Almost none of them knew what to do next.
It is not one gap. It is many. Some tried it a year ago, got inconsistent results, and quietly put it down — concluding the tool wasn’t ready, rather than that they hadn’t been shown how. Some use it every day and have no idea they’re barely scratching the surface. Some have built something into their workflows and get results too variable to trust, without knowing whether the problem is the model, the instructions, or something else. And some have never started — not out of resistance, but because nobody told them this wasn’t a technology tool. It’s a work tool. It belongs to everyone.
Right now, somewhere in your organisation, someone is using AI to research a topic or summarise a document. That’s the right instinct. But they may have reached for whichever tool felt familiar, without knowing that different models have different strengths — and that some will confidently invent sources that don’t exist. The output looks authoritative. Nobody checks it. That’s not a cautionary tale. That’s Tuesday.
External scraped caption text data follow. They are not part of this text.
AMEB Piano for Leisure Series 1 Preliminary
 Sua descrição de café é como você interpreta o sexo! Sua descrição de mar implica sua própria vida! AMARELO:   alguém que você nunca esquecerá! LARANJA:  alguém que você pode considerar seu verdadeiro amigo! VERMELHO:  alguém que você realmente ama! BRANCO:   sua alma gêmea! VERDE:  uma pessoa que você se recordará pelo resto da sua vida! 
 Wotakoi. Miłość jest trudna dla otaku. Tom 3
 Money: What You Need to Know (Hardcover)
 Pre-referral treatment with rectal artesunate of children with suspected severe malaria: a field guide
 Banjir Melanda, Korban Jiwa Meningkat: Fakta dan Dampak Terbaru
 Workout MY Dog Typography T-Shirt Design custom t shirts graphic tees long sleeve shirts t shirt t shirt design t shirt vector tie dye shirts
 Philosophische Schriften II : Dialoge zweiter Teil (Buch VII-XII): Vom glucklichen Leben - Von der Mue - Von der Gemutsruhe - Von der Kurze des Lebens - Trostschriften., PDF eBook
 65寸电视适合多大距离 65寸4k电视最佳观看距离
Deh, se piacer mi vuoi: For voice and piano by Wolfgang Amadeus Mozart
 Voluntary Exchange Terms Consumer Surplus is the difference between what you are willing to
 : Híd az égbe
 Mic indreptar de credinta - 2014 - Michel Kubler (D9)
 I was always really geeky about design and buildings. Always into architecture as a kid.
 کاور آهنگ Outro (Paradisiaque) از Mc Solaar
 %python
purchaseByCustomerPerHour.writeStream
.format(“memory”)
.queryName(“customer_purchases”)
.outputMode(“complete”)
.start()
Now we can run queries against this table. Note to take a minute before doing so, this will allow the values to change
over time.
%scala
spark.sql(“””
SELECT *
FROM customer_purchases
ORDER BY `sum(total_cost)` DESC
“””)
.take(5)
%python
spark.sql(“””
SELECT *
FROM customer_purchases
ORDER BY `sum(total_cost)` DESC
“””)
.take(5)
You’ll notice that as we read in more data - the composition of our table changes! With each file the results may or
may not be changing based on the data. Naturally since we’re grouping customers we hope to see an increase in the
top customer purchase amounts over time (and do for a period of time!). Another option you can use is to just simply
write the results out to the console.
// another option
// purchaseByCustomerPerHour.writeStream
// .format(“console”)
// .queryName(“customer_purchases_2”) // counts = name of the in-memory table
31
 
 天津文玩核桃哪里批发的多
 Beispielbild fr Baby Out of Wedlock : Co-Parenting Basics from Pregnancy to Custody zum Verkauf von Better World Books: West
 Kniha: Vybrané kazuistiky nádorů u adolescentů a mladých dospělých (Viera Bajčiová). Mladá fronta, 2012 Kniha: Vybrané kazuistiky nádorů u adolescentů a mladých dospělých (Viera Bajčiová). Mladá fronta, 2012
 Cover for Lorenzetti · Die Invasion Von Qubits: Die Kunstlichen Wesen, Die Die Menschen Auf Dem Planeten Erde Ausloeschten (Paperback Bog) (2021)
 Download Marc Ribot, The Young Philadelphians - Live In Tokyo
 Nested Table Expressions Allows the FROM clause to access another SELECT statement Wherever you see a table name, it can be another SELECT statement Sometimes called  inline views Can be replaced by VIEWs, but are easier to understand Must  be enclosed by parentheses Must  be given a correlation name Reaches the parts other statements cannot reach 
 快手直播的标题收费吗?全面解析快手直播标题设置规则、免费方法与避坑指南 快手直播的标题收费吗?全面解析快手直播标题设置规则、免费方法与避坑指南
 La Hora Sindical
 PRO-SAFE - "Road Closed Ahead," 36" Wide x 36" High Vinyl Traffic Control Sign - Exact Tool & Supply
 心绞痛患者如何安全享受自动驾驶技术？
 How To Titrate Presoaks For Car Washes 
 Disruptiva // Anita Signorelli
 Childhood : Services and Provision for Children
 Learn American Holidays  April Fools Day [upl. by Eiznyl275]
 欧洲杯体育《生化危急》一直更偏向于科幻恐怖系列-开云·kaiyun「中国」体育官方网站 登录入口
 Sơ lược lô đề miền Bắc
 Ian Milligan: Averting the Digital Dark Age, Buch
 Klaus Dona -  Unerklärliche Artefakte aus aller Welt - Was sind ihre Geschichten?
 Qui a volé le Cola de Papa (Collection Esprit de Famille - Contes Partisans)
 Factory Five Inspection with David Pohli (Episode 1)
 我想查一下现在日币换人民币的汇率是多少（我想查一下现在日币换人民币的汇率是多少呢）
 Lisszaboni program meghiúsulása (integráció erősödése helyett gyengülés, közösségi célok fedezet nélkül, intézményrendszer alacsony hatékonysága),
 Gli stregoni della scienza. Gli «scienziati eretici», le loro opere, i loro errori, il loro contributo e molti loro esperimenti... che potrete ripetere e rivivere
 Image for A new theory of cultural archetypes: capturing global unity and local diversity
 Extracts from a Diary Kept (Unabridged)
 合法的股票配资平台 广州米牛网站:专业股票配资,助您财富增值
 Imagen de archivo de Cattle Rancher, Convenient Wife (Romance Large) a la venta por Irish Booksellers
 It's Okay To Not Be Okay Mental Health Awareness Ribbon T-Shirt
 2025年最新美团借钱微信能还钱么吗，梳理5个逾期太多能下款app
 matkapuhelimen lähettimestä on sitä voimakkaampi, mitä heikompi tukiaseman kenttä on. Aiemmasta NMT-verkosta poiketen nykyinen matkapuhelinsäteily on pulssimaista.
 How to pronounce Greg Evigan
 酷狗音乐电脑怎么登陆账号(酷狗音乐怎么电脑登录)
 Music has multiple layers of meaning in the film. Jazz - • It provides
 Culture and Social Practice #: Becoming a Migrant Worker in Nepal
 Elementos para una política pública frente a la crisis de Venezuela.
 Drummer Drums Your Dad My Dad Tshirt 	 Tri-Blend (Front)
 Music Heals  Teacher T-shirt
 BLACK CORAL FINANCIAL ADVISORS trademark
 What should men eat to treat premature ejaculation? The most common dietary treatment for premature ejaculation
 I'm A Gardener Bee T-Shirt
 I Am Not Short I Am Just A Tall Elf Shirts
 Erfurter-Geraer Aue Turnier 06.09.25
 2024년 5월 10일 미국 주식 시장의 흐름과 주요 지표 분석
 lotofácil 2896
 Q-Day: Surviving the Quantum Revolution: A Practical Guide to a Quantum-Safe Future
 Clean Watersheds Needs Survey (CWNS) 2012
That gap is not primarily a strategy problem. It is not primarily a budget problem. At its root, it is a people problem — grassroots, every role, every level. Deloitte’s 2026 survey of over 3,000 senior leaders found insufficient worker skills ranked as the single biggest barrier to AI integration, above legacy systems, above governance, above budget. And it has been easy to miss because this space moves faster than any reasonable person can track. Keeping up feels like a full-time job on top of the actual job — so most organisations have quietly put it off, meaning to come back to it, while the distance grows.
I watched what that distance looks like in a room. Angelo Robles — a leading voice on AI adoption in private wealth and author of multiple books on the subject — had just finished presenting. He had walked them through it: specific steps, named in order. In the Q&A, someone asked for something concrete they could use right now. ‘I just gave you five concrete steps,’ Angelo said. To which the room responded: ‘Can you just give us a prompt that works?’ The best advice people offered each other afterward: use a prompt optimiser.
This was not an unprepared room. These were serious people, paying close attention, trying hard. The information was there. The foundation to receive it wasn’t.
That foundation can be built.
Does anyone in this room know whether your people — not your systems — have actually been shown how to use AI?